[Source data]

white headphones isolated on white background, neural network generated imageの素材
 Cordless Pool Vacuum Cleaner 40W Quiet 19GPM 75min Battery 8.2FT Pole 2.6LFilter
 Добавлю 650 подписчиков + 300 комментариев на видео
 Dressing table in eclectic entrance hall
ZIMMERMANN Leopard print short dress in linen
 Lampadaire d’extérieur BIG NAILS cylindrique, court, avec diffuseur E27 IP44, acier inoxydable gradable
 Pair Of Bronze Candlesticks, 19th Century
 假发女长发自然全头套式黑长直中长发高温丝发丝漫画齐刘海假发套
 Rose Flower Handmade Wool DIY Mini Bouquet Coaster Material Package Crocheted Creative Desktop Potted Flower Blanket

Work to complete: Give back, unchanged, the line containing "Lampadaire d’extérieur BIG" and each line that comes after it in the entries above, ending with the last.

Task response:
 Lampadaire d’extérieur BIG NAILS cylindrique, court, avec diffuseur E27 IP44, acier inoxydable gradable
 Pair Of Bronze Candlesticks, 19th Century
 假发女长发自然全头套式黑长直中长发高温丝发丝漫画齐刘海假发套
 Rose Flower Handmade Wool DIY Mini Bouquet Coaster Material Package Crocheted Creative Desktop Potted Flower Blanket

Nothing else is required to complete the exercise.